Li is being considered for the KMT’s New Taipei City mayoral candidate, and when first asked how to solve Zhonghe and Yonghe’s congestion issues, his first response was that he would fix the congestion if he is elected mayor. However, he later realized that removing the Gongguan roundabout made New Taipei congestion a lot worse, he backtracked and claimed there is no congestion issues in Zhonghe and Yonghe.
There are four helpers and at least one police officer at the pedestrian crossing at my kids school in the morning and there are still ^%*$ who break the red lights…
The fact that junctions require officials to stand and actively police them on a daily basis is pretty third world!
Wasn’t safety listed as one of the key reasons for removal? The roundabout was an accident black spot. Has it’s removal successfully reduced the number of accidents?
I don’t think you can excuse creating congestion just for the sake of safety. Safety and efficiency are trade-offs of equal importance when planning for vehicle transportation.
Using the MOTC safety dashboard you can see it’s at the top for Taipei. From 2018 to 2025 it was the number 1 spot in Taipei for traffic accidents. In 2017 (the earliest year shown on the dashboard) it was number 5.
For the last full year with the Gongguan roundabout, 2024, there were 67 accidents. For 2025 it was 51 accidents. The removal took place in September, so about 3 months with the new intersection.

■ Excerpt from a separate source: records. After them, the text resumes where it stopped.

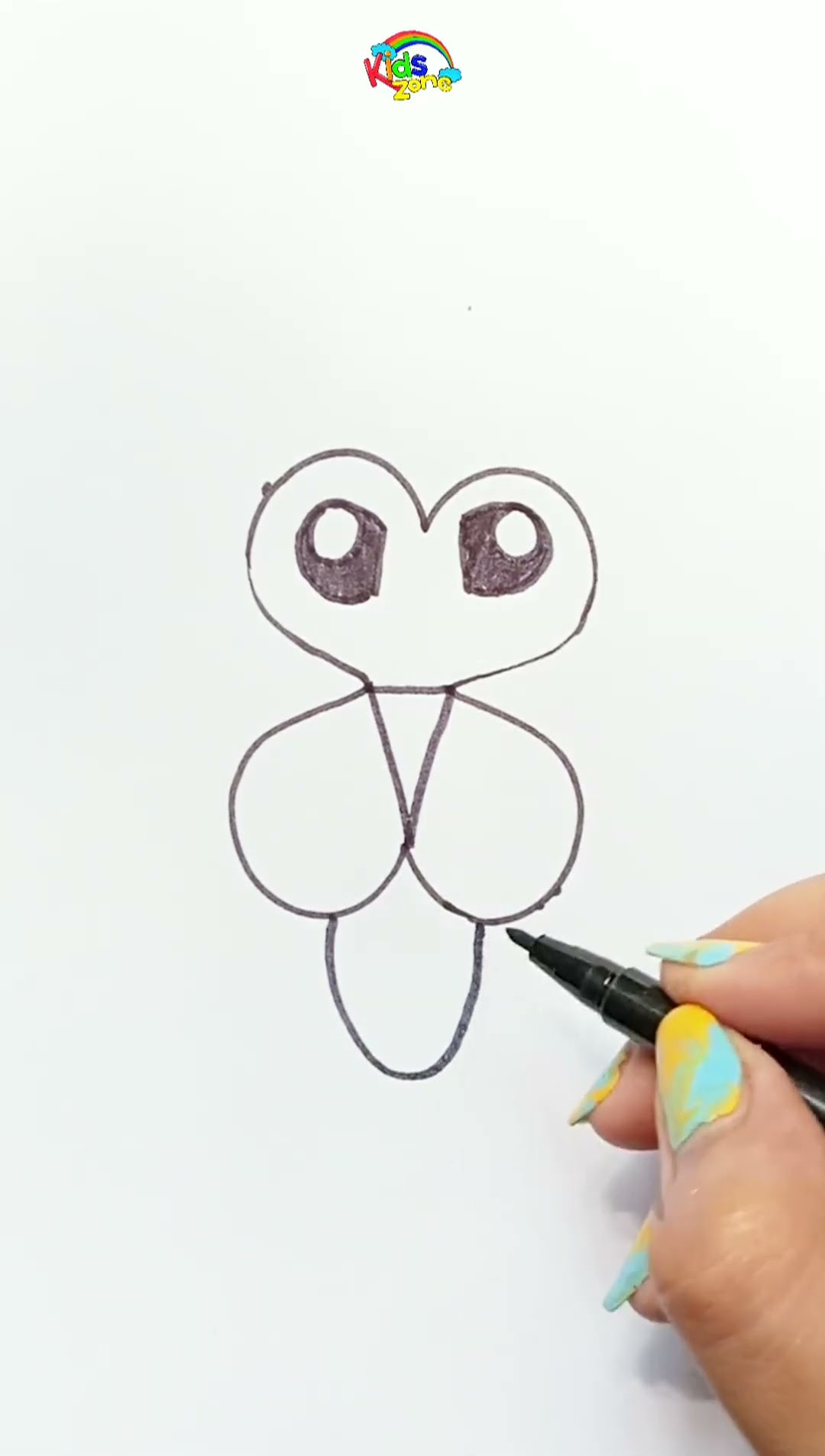 How To Do Easy Sketching For Beginners (4 Awesome Tutorials) | Miranda  Balogh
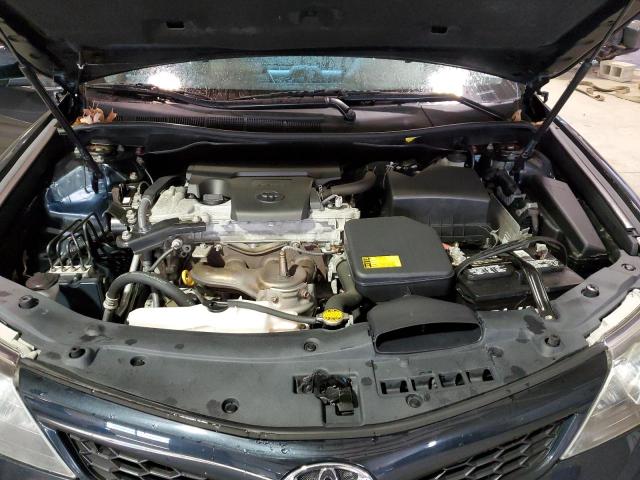 Photo 10 VIN: 4T1BF1FK1CU112790 - TOYOTA CAMRY BASE 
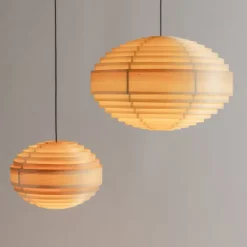 1002 Hans Pendant - Suspensions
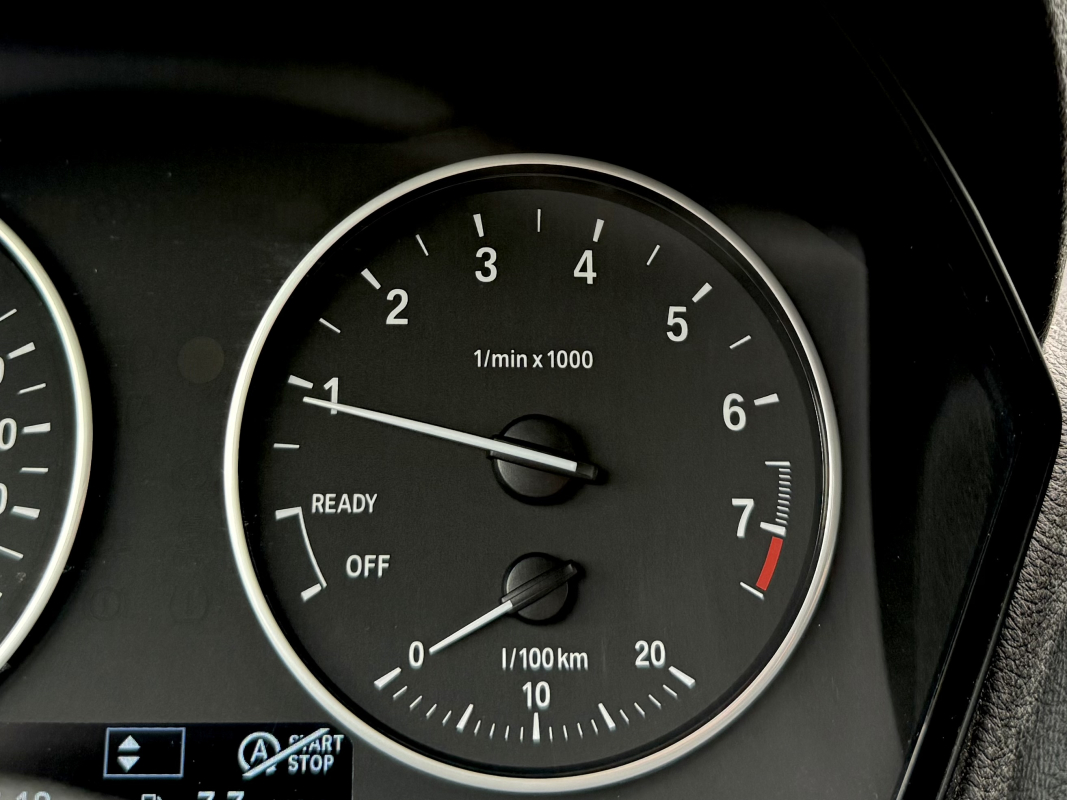 Bmw Série 1 — 18
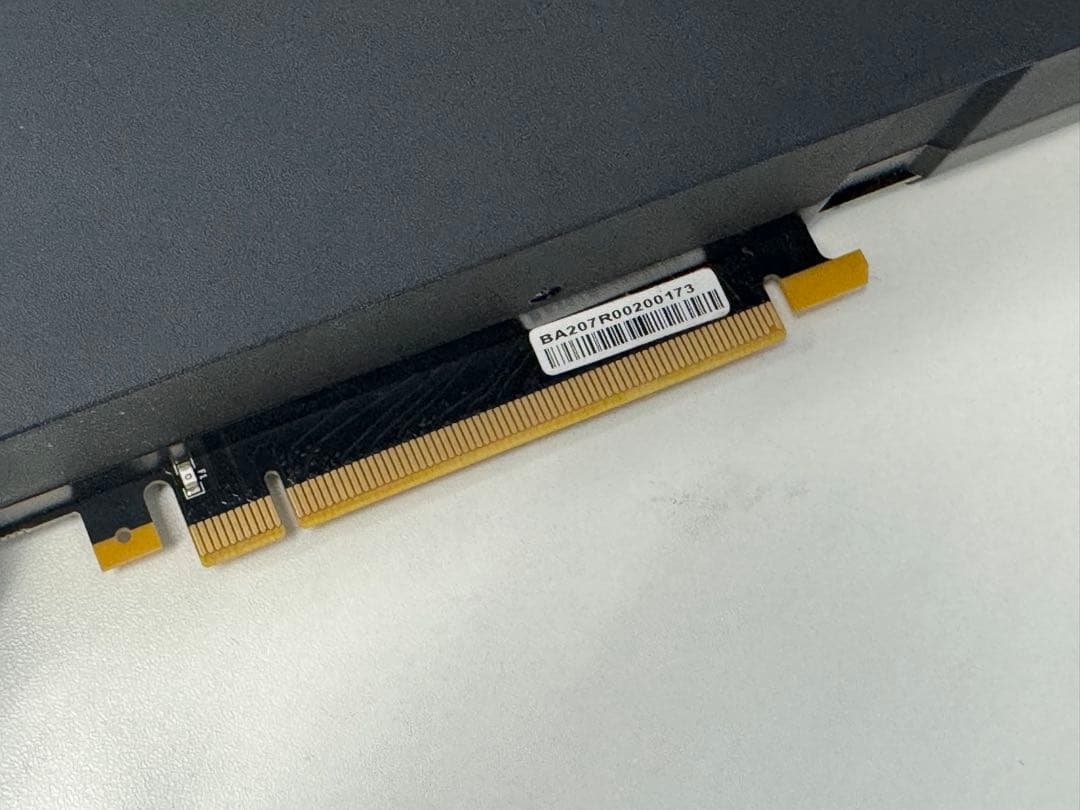 グラフィックボード・グラボ・ビデオカード PALIT GeForce RTX 2070 Super OEM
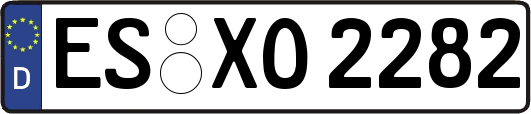 ES-XO2282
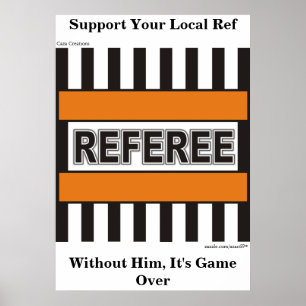 Poster Référence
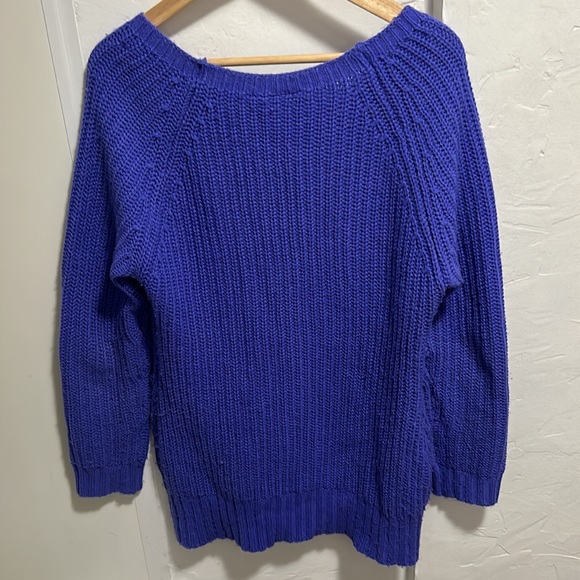 Ultra Flirt Sweater - Picture 2 of 2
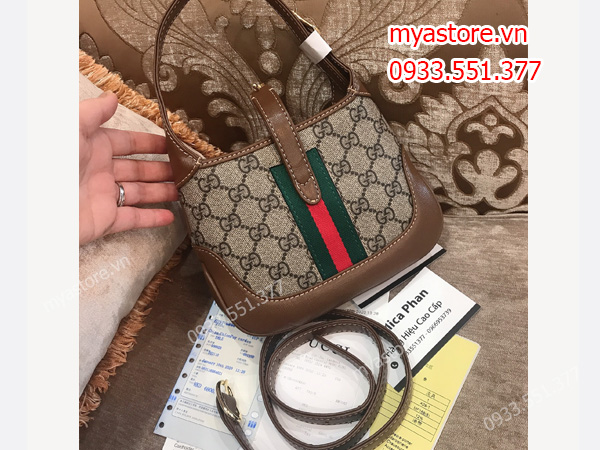 Túi Gucci nữ trả khách 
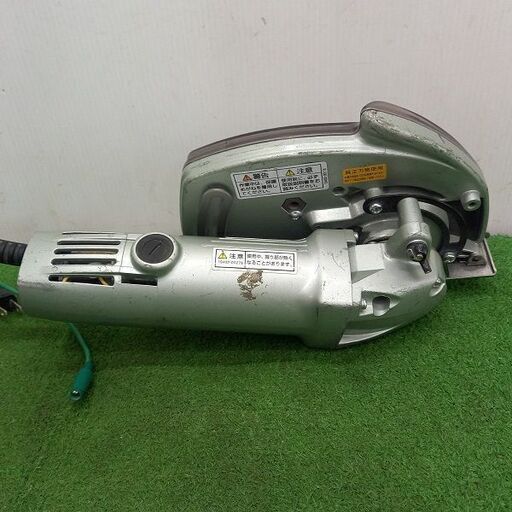 新ダイワ 防じんカッタ B11N【リライズ野田愛宕店】【店頭引取限定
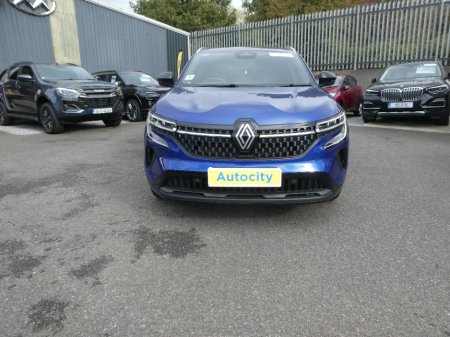 2024 Renault Austral - photo 3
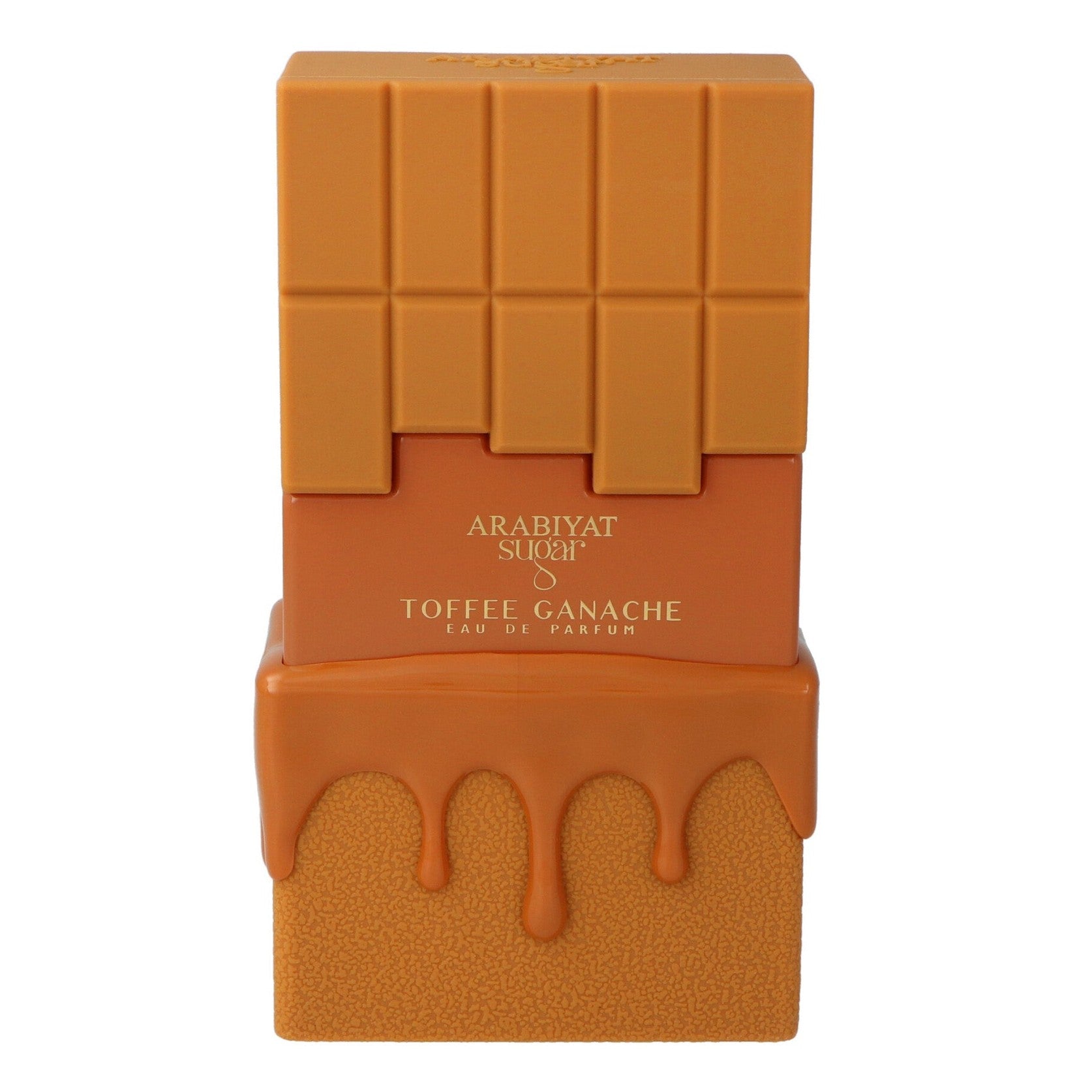 Tester Arabiyat Sugar Toffee Ganache Edp 100ml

Through these changes, they eliminated the speedy underpass for buses that bypassed this intersection entirely.
In this sense, it’s consistent with most of what I’ve seen with the Chiang Wan-an era adjustments: drivers kept hitting and killing people, so let’s deprioritize public transit and radically shrink pedestrian spaces at the crossings.
And here I was thinking we were moving PEOPLE and goods and therefore safety should be higher on the list. Turns out we are moving vehicles, so to hell with people, specially those who aren’t inside those VIV (very important vehicle).
For real. If safety is above all else, then there shouldn’t be vehicle traffic at all. It is inherently more dangerous.
If that’s not the case, then there should be a balance between traffic efficiency and safety. You can argue about where’s the point of balance, but if you argue for change that require a lot of money and subsequent 6x more man-power to maintain supposed safety benefit, while causing significant congestion, you are failing the trade off game.
The roundabout wasn’t perfect because people were educated on how to use it, the police man-power should have been spent on enforcing users of the roundabout to follow the simple rule of no entering if you would cause traffic in the roundabout to slow down. Instead, like everywhere in Taiwan, pointless traffic lights were put in place to make the roundabout less efficient. However, the public transport thru-tunnel was the perfect solution for a high-volume roundabout. Even if the Chiang city-government and Li Si-chuan wanted to remove the roundabout, they should have kept the underpass for buses.